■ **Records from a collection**
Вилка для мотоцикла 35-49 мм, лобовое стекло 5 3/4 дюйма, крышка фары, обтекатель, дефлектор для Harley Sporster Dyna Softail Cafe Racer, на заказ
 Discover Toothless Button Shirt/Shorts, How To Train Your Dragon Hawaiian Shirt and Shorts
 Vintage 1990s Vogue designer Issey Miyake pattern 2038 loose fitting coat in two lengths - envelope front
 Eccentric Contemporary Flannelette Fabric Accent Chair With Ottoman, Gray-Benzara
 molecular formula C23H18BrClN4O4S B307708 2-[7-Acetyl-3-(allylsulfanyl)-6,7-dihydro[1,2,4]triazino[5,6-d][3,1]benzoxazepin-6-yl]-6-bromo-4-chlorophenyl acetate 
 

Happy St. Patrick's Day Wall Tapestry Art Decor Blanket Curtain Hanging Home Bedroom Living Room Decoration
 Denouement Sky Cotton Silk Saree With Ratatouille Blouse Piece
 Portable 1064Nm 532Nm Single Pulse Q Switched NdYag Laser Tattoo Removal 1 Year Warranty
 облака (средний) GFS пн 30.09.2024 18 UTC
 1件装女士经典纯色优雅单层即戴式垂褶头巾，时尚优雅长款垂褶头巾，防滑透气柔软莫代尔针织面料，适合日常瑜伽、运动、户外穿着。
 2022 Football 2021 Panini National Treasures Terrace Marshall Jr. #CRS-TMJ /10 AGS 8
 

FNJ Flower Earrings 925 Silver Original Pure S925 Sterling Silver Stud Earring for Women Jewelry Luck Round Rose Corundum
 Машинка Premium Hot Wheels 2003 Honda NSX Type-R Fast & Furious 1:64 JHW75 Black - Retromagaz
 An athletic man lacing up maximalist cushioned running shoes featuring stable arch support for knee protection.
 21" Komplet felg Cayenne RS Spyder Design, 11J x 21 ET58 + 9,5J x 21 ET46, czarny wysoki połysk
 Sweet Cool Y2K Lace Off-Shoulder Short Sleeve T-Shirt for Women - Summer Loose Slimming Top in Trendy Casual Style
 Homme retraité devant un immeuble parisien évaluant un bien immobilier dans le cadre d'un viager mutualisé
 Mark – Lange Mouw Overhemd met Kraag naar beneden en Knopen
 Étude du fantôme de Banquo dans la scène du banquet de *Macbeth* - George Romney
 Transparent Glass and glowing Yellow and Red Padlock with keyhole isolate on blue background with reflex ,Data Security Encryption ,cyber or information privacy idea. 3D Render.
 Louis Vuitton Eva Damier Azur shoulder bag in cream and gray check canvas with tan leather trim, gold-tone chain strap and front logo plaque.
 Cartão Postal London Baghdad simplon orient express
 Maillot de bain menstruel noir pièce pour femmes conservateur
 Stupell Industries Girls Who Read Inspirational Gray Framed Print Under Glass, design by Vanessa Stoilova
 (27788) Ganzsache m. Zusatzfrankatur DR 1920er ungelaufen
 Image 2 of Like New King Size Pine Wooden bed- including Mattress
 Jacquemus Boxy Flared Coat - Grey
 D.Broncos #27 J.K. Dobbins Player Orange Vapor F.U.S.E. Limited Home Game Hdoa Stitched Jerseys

■ **What is expected**
The word "Home" may appear on some lines of these records; state how many such lines there are, and nothing else.

■ **Expected answer**
2